Work instructions -
Copy out exactly the lines from the one containing "BRUNELLO CUCINELLI BRUNELLO" to the end of the records below, both included, and nothing else.

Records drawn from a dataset
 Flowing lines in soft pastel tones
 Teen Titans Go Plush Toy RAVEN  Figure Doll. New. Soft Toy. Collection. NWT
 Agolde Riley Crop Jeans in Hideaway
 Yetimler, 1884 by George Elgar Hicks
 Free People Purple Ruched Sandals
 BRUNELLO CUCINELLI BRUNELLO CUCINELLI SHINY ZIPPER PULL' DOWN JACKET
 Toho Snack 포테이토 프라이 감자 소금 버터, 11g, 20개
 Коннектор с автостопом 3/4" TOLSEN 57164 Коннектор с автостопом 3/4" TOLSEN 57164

Result -
 BRUNELLO CUCINELLI BRUNELLO CUCINELLI SHINY ZIPPER PULL' DOWN JACKET
 Toho Snack 포테이토 프라이 감자 소금 버터, 11g, 20개
 Коннектор с автостопом 3/4" TOLSEN 57164 Коннектор с автостопом 3/4" TOLSEN 57164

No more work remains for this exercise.